Biden’s troubled journey on LGBT+ rights is a ‘beautiful thing’, top US diplomat says

Biden’s troubled journey on LGBT+ rights is a ‘beautiful thing’, top US diplomat says

President Joe Biden’s journey on LGBT+ rights, from supporting restrictions to becoming the first top Democrat to come out in support of gay marriage, has been praised by a top US diplomat as a “very American story” and a “beautiful thing”.

Mr Biden joined the chorus of outrage after the passing of Uganda’s draconian anti-gay law, calling for its immediate repeal and threatening sanctions if no action is taken.

“The enactment of Uganda’s Anti-Homosexuality Act is a tragic violation of universal human rights—one that is not worthy of the Ugandan people, and one that jeopardizes the prospects of critical economic growth for the entire country,” he said in a statement on Monday.

“I join with people around the world — including many in Uganda — in calling for its immediate repeal. No one should have to live in constant fear for their life or being subjected to violence and discrimination. It is wrong.”

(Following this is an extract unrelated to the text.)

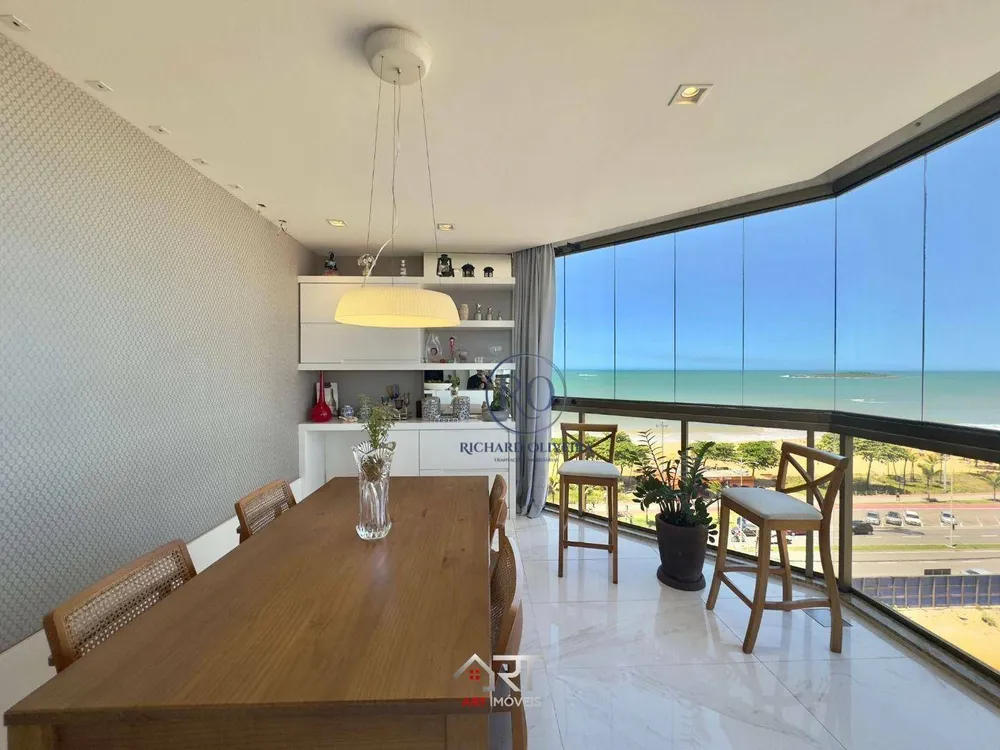Apartamento, 3 quartos, 190 m² - Foto 1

The bill was signed into law on Monday by Ugandan President Yoweri Museveni. The law includes the death penalty for what’s referred to as “aggravated homosexuality” – meaning those having sex while being HIV positive, those having sex with minors or others considered to be vulnerable.

Under the law, an individual found guilty of “attempted aggravated homosexuality” can be sent to prison for 14 years.

Mr Museveni sent the law back to the national assembly in April, requesting amendments to clarify the difference between identifying as LGBT+ and taking part in homosexual acts. That prompted pushback from some legislators, who appeared concerned that Mr Museveni would veto the bill as he faced a pressure campaign to do so from abroad. The amended version of the bill was passed early last month.

Under a law from the colonial era, homosexuality was already illegal in the East African country as being “against the order of nature”, and with a possible punishment of life behind bars.

Mr Biden said that since the new law was introduced, “reports of violence and discrimination targeting Ugandans who are or are perceived to be LGBTQI+ are on the rise. Innocent Ugandans now fear going to hospitals, clinics, or other establishments to receive life-saving medical care lest they be targeted by hateful reprisals”.

“Some have been evicted from their homes or fired from their jobs. And the prospect of graver threats — including lengthy prison sentences, violence, abuse — threatens any number of Ugandans who want nothing more than to live their lives in safety and freedom,” he added.

“This shameful Act is the latest development in an alarming trend of human rights abuses and corruption in Uganda. The dangers posed by this democratic backsliding are a threat to everyone residing in Uganda, including US government personnel, the staff of our implementing partners, tourists, members of the business community, and others.”

Mr Biden said he has asked the National Security Council to review what effect the new law will have on the US relationship with Uganda, including the ability of the US to “safely deliver services under the US President’s Emergency Plan for AIDS Relief (PEPFAR) and other forms of assistance and investments”.

The president said his administration is looking at possible sanctions and restricting entry into the US for anyone “involved in serious human rights abuses or corruption”.

Mr Biden noted in his statement that “In total, the US government invests nearly $1bn annually in Uganda’s people, business, institutions, and military to advance our common agenda”.

As vice president, Mr Biden forced the hand of the Obama administration when he went off-message during a May 2012 TV interview, becoming the highest-ranking Democrat to publicly support gay marriage.

Mr Biden’s evolution on gay rights was a long time in the making. As a senator, he voted for the Defense of Marriage Act in 1996, which blocked the federal recognition of same-sex marriages. Earlier in the 1990s, he voted to remove federal funding for schools that taught acceptance of homosexuality. In 1973, he was captured wondering aloud if gay people may be security risks while serving in government or military roles.

In an interview with The Independent, the State Department’s Chief of Protocol Rufus Gifford said that the president’s journey on gay rights is a “very American story”.

“I think about my own evolution on equality, I think about my parents’ evolution on equality. And it’s a beautiful thing,” the 48-year-old said.

The former US ambassador to Denmark describes his current role as “the first handshake and the American welcome for leaders” from around the globe. Mr Gifford advises the president and vice president on diplomatic protocol - and he travels with Mr Biden on all official international trips.

Mr Gifford added that the president “opened his heart and mind to new ideas. And isn’t that all we want from our leaders?”

“I mean, sure, let’s debate the evolution to a certain extent. But let’s lean into the fact that this evolution is real, it’s meaningful, and it’s actually impacting our lives,” he said.